«Todos têm direito, para si e para a sua família, a uma habitação de dimensão adequada, em condições de higiene e conforto e que preserve a intimidade pessoal e a privacidade familiar». Este é o texto presente na Constituição da República Portuguesa.
No entanto, a falta de habitação acessível em Portugal, tem atingido nos últimos anos limites incomportáveis. As rendas das casas aumentaram 42% desde 2017, segundo a imobiliária idealista. Escusado será dizer que os salários não acompanharam, nem de perto nem de longe, este aumento do custo das casas. A falta de habitação a preços acessíveis para arrendar tem deixado milhares de jovens em casa dos pais sem possibilidade de pensar no seu futuro familiar ou em situação de pobreza. Muitas famílias que arrendam casa dedicam uma parte substancial do seu rendimento à mesma, colocando-as demasiado vulneráveis a qualquer imprevisto.

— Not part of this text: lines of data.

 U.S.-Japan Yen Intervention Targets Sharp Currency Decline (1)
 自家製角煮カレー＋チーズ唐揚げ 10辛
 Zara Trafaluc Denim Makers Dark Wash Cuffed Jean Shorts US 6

Este aumento exorbitante no valor das rendas empurrou bastantes portugueses à compra de casa própria. Com os juros baixos nos últimos anos, para quem tivesse capacidade financeira de ter uma entrada inicial, ficava mais acessível pagar a prestação ao banco do que uma renda. Recentemente, o Banco Central Europeu (BCE), tomou a decisão política de aumentar as taxas de juros. Uma medida que já mostrou ser completamente ineficaz no combate à inflação, aumentando a pobreza e a desigualdade. Para combater a inflação é necessário o controlo dos preços e das margens de lucro. Assim, este aumento nas taxas de juros fez disparar as prestações dos empréstimos à habitação. Muitas vezes com aumentos que significaram para as famílias uma subida acima do limite da sua capacidade de esforço. Tudo isto tornou o cenário perfeito para uma grave crise da habitação a que qualquer resposta já peca por tardia.

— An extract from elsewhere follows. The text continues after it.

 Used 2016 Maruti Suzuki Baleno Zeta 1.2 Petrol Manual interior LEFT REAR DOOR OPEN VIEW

Na última semana o governo anunciou um pacote de medidas para responder a esta crise. Um conjunto de medidas avulsas entre as quais o fim dos vistos gold (finalmente!), simplificação dos processos de licenciamento, arrendamento por parte do estado aos senhorios para poder subarrendar ou apoios para rendas. Estas medidas têm um aspeto importante de salientar: em nenhum momento baixam os preços das rendas ou tocam nos lucros dos senhorios e dos bancos. É um pacote de medidas que em nada resolve os problemas graves da habitação e que coloca o dinheiro dos contribuintes a pagar a quem ganhou com a especulação.

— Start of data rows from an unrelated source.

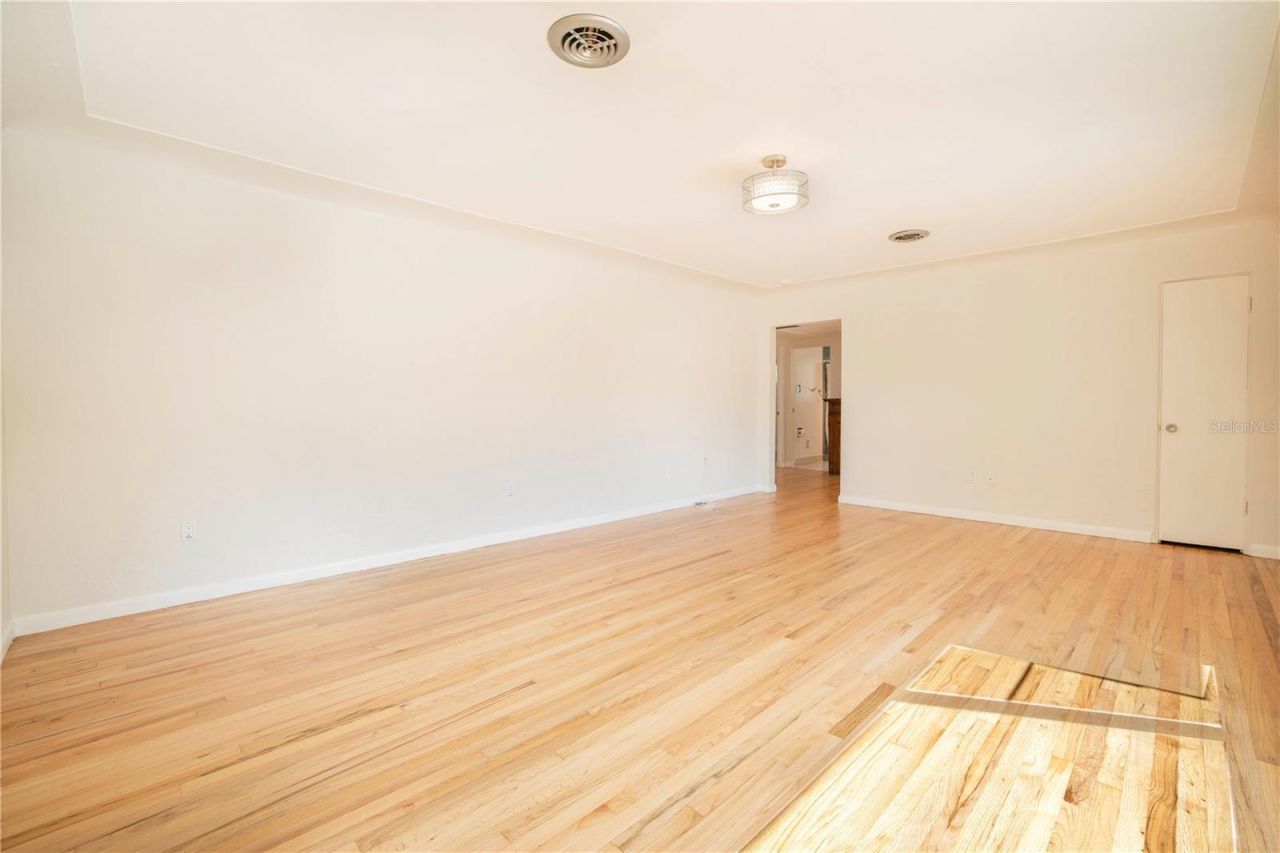 877 42nd Avenue N, Saint Petersburg, FL 33703 Photo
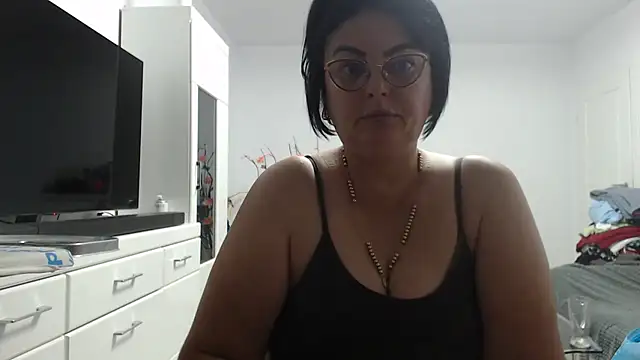 Snapshot of Amandamuller1982 chatting on 09.10.25 Amandamuller1982 online show from 09.10.25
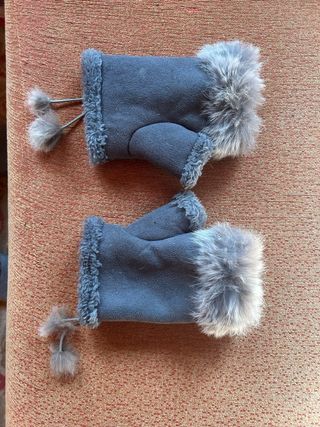 GUANTES SIN DEDOS CON PELO Y POMPONES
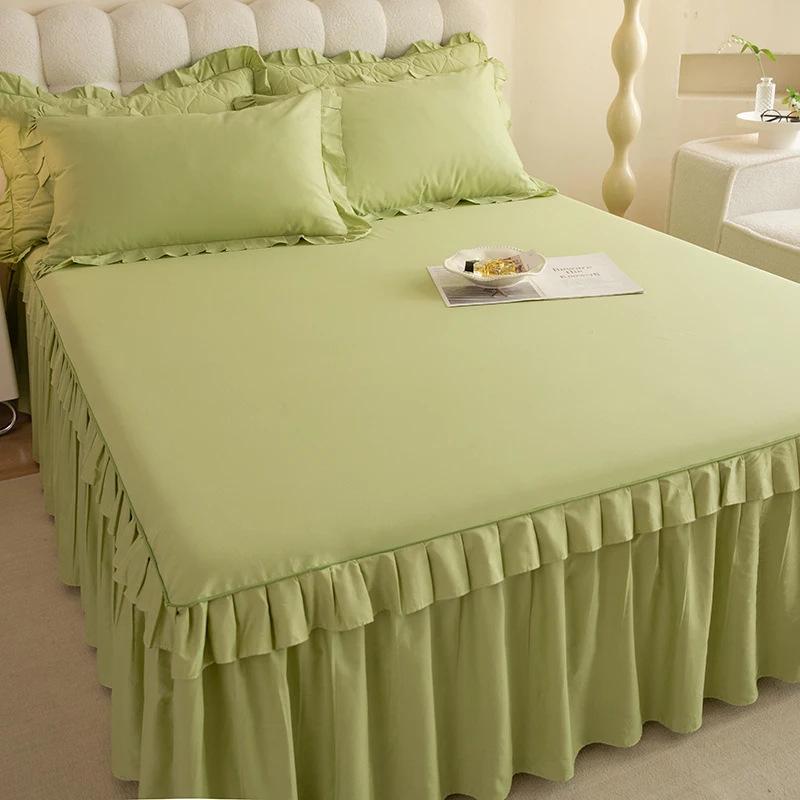 3pcs Minimalist Solid Color Bed Skirt Set, Contemporary Style, Polyester 100.00%, Machine Wash, Red, Lace, Ruffle, Soft and Comfortable Fabric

Nos últimos dias este pacote tem sido apelidado de socialista ou radical. Infelizmente, nada perto da verdade. Um programa socialista seria o que teria a coragem de tocar nos lucros da banca para ajudar as pessoas. E seria um em que os apoios não chegariam quando as pessoas estendessem o braço ao governo mas sim como direitos sociais inscritos na lei, tratando a habitação como deve ser, um direito! Estas medidas avulsas criam um país de braço estendido ao governo, à espera que alguma medida signifique que terá algum mísero apoio. Tudo isto enquanto quem ganha com a especulação imobiliária continuará a ganhar e em que a banca continuará a lucrar como nunca. Em cima disto, é usar o dinheiro de todos os contribuintes para dar um conjunto de borlas fiscais a quem mais tem ganho nos últimos anos à custa da crise de tantos. Temos um governo incapaz de apresentar soluções reais, um governo que apenas encontra medidas liberais e compatíveis com o “mercado”, quando foram essas mesmas coisas que nos deixaram chegar até aqui.
No próximo dia 1 de abril espera-se em Portugal uma das maiores manifestações desde o tempo da troika. Uma manifestação pelo direito à habitação. Encontramo-nos lá!